The technique for reducing duplicates is quite clever. The original set of colours is mapped to an integer index. Each matrix of integers is then converted into a number base K, where K is the number of distinct colours. Comparing tiles is just a matter of comparing these numbers. The technique works best if the number of distinct tiles and colours is relatively small: so fairly small and simple source images with a small number of distinct colours.

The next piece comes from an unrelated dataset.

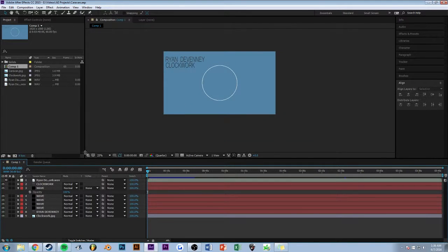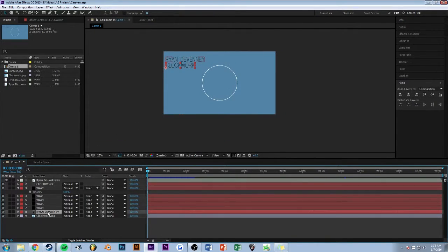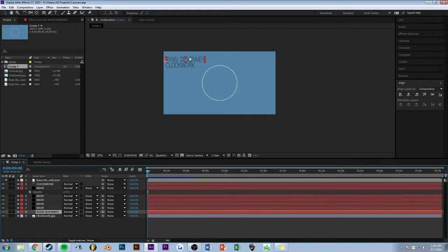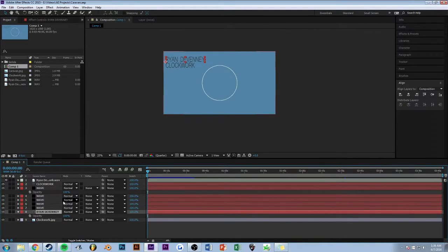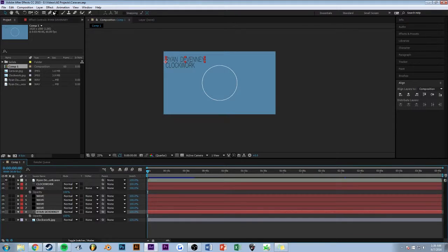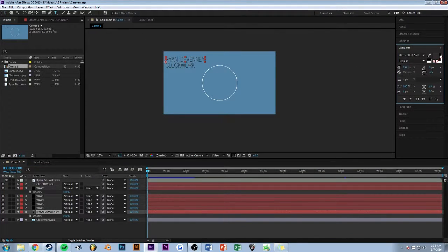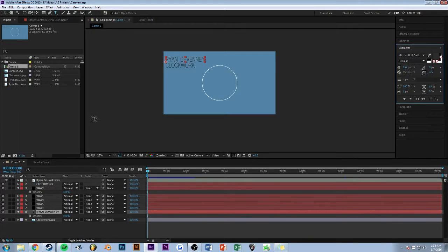First off, I've got just two text layers - my name and the song name. Really simple. If you're curious, the text is Microsoft Ebay. I love that font.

When the overlapping mode is used, you get designs in the style of the original image, with similar constraints. Since the tiles are sampled, there are no explicit symmetry rules as there are for explicit tiles. Instead, an overall parameter defines the allowable number of distinct symmetry variants of the pattern: typically 8 (the default), 4, or 2. As the number of symmetries decreases, the pattern becomes more constrained:

Base tile:

Symmetry 8Symmetry 4Symmetry 2

The neighbourhood parameter is also the tilesize parameter in the overlapping mode. N=1 amounts to randomly picking pixels from the sampled set. N=2 is a little better but doesn't really honor the constraints and style of the original very well. For this sample tile N more than 3 consistently fails but for other patterns it can give you output patterns with more global consistency with the source pattern:.

N=1N=2N=3

Inferred Tiles

Inferred tiles combines the operation of the simple tiling mode with the sampling of overlap mode: tiles are sampled from the base tile like in the overlap mode, but the adjacent rules are based only on the edge columns, not the overlap. Keeping the full set of tiles and adjacency rules can lead to very expensive and poorly constrained results, especially for high symmetry values. In addition to using a smaller symmetry value, the inference also separates tilesize from neighbourhood size (as does simple tiling), and provides for only keeping a certain fraction of the rules. Selection of rules to keep is random.

Base tile:

With symmetry=2 and a tilesize of 10 (vs sample image size 70):

keep=25%keep=50%keep=75%

Using 100% of the rules with the same base pattern as the two series in the previous section (with symmetry 8, neighbourhood 3) gives:

Other variations give spottier patterns.

Clearly explicit rules or the overlapping algorithm produces cleaner results. I am experimenting with other ways of controlling the rule sets.

References

  1. Source code for original implementation of Wave Function Collapse algorithm (C#), pointers to other ports: https://github.com/mxgmn/WaveFunctionCollapse>

Updated: 20220720, fixing mistranscribed symmetry rules.